With thanks to Rum, Brian, Rupert and Mouse
Contents
(Click)
Introduction
Merriment Valley (Holt & The Glaven Valley)
Saxon Shore (Blakeney to Hunstanton)
Honey Hills & Holy Vale (The Saxon Shore Hinterland)
Phantom Hundred (Towards the Wensum)
The Poppyland Coast (Salthouse to Mundesley)
Paston Country (The North East)
Introduction
This book evolved from Hint of Secrecy – Hidden North Norfolk on a Bike, which in turn had developed from a couple of other little books with the same theme. These were loosely based on a blog I had done on the Daily Telegraph website with my friend Paul about pubs and churches, which is why these two topics occur quite a lot. The word hidden caused critical comment that places like Walsingham or Briston are hardly hidden, but I believe that some things, like the 300 year old metal cello at Briston or the Hindu pilgrims to Walsingham are at least odd enough to warrant comment. Perhaps unexpected is a better word than hidden. But Hidden looks better.
Much of my research was done on a bicycle, and I would never have got to know the area as I have without my mates in the North Norfolk Wheelers.

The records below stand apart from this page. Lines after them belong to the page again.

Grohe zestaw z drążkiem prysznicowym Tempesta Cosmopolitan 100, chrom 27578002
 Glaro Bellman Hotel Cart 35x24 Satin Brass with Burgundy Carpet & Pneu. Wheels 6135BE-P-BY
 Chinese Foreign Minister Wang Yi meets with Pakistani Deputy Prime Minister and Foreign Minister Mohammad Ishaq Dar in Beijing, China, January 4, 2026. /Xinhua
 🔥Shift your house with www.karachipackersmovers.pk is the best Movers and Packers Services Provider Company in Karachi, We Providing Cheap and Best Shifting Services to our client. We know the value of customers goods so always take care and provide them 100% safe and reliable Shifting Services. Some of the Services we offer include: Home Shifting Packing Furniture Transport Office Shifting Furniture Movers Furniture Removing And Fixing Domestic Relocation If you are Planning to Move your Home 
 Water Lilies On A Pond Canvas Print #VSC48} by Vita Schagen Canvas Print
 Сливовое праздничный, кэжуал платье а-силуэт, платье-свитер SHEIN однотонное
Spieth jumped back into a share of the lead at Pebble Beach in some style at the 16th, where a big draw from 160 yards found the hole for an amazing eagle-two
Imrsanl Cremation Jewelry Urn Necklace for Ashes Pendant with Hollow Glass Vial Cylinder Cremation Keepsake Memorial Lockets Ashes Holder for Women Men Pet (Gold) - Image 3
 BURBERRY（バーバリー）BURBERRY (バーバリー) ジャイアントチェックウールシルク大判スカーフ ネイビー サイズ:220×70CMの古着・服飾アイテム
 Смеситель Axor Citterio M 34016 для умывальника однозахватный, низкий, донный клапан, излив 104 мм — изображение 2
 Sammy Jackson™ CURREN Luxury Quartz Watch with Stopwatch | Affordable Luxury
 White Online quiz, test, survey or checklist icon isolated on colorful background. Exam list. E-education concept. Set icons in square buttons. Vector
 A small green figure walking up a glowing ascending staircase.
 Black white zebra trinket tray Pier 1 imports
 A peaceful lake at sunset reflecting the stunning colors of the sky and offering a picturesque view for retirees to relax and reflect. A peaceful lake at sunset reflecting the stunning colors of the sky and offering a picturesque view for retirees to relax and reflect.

Of the many source books I used the two most helpful were the Historical Atlas of Norfolk by Ashbin and Davison, and The Buildings of England – Norfolk, vols 1&2 by Pevsner and Wilson. Of the online resources the site I have used most is Simon Knott’s marvellous Norfolk Churches, which I would recommend to anybody. Faden’s republished 1798 map is also available online and is a valuable source. The Norfolk Heritage Explorer site is another absolutely necessary resource, which I have used a lot. I am also very indebted to Richard Bristow’s Norfolk Pubs website, which I have been reticent to mention before because people are inclined to take it for a pub guide instead of an historical record. For maps I have used the Ordinance Survey Explore and Landranger series and, of course, Google Earth.
Apart from all these there have been the many friends, new and old, I have drunk ale with, and listened to their stories, enjoying them all, whether I believed them or not. You know who you are. Heartfelt thanks.
Merriment Valley (Holt & The Glaven Valley)
Baconsthorpe, Bayfield, Cley, Glandford, Holt, Letheringsett, Wiveton
I was once in a Holt pub, not an unheard of event, and I got talking to an ancient local. I must have lost track of the conversation because he startled me at one point by saying fervently I hate ‘em!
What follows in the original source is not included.